**PROBLEM TO WORK ON:**
From the records below, output exactly the lines starting at the line with "Portrait de fille" and ending at the line with "Un cesto con", both of them included, but no pictures.

+++ INPUT MATERIAL

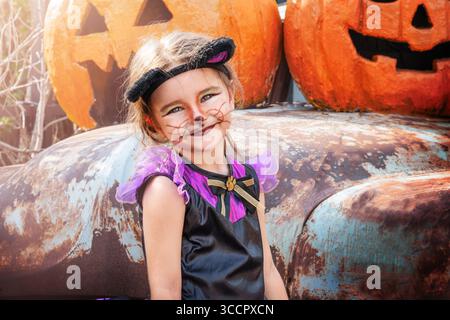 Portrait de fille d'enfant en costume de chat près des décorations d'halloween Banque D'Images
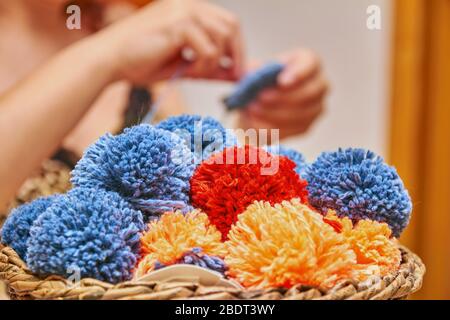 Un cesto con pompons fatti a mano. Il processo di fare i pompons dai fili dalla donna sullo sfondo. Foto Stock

++++++
+++ INPUT MATERIAL

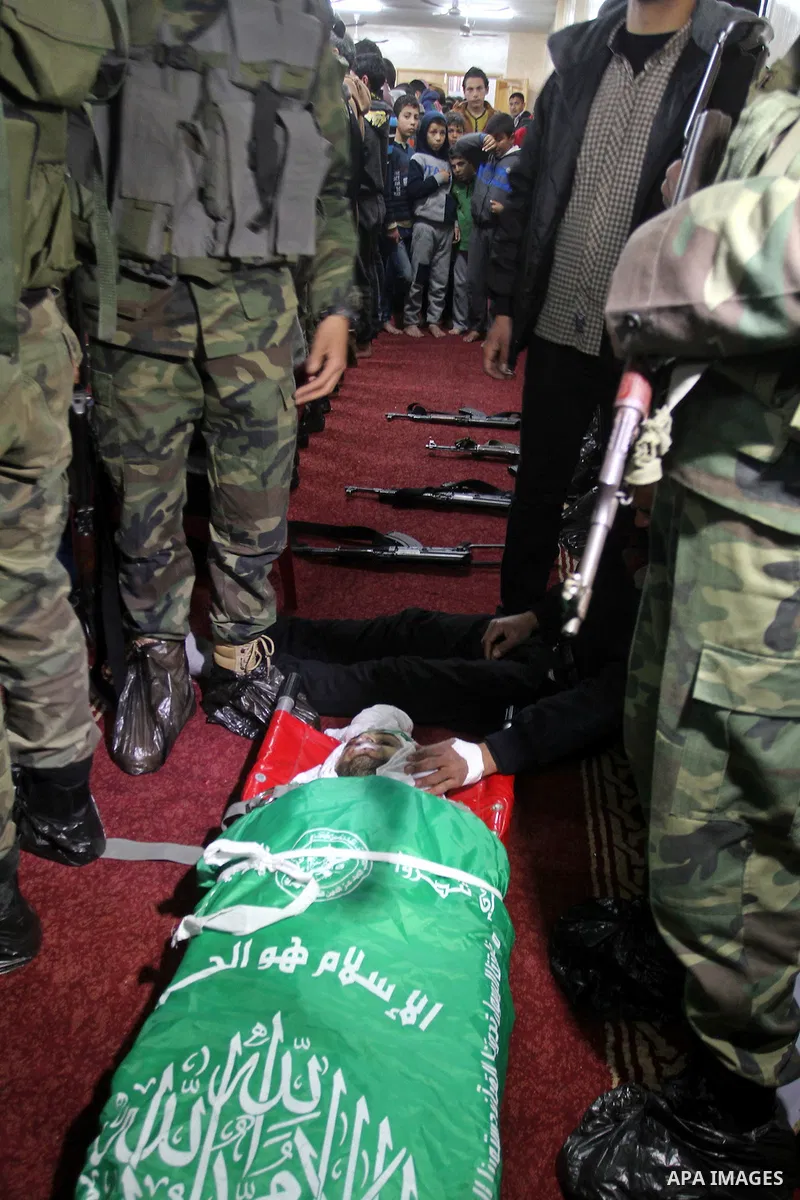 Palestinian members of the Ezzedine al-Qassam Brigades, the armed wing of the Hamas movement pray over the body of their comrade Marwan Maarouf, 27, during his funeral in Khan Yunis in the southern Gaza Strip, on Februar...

++++++

**EXERCISE RESPONSE:**
 Portrait de fille d'enfant en costume de chat près des décorations d'halloween Banque D'Images
 Un cesto con pompons fatti a mano. Il processo di fare i pompons dai fili dalla donna sullo sfondo. Foto Stock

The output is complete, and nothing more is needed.